- [Problem]: For every entry that follows, return an identical copy.

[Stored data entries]
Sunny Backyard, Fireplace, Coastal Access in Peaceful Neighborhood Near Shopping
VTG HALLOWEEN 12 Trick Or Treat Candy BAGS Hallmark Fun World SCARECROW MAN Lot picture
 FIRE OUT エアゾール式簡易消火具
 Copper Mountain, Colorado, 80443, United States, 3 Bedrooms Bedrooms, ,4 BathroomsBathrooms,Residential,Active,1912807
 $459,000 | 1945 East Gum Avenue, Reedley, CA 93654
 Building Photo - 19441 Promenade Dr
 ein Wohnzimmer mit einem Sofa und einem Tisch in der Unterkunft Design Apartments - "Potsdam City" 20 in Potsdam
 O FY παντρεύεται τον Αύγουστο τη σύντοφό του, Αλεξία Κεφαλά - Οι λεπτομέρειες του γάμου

- [Output below]:
Sunny Backyard, Fireplace, Coastal Access in Peaceful Neighborhood Near Shopping
VTG HALLOWEEN 12 Trick Or Treat Candy BAGS Hallmark Fun World SCARECROW MAN Lot picture
 FIRE OUT エアゾール式簡易消火具
 Copper Mountain, Colorado, 80443, United States, 3 Bedrooms Bedrooms, ,4 BathroomsBathrooms,Residential,Active,1912807
 $459,000 | 1945 East Gum Avenue, Reedley, CA 93654
 Building Photo - 19441 Promenade Dr
 ein Wohnzimmer mit einem Sofa und einem Tisch in der Unterkunft Design Apartments - "Potsdam City" 20 in Potsdam
 O FY παντρεύεται τον Αύγουστο τη σύντοφό του, Αλεξία Κεφαλά - Οι λεπτομέρειες του γάμου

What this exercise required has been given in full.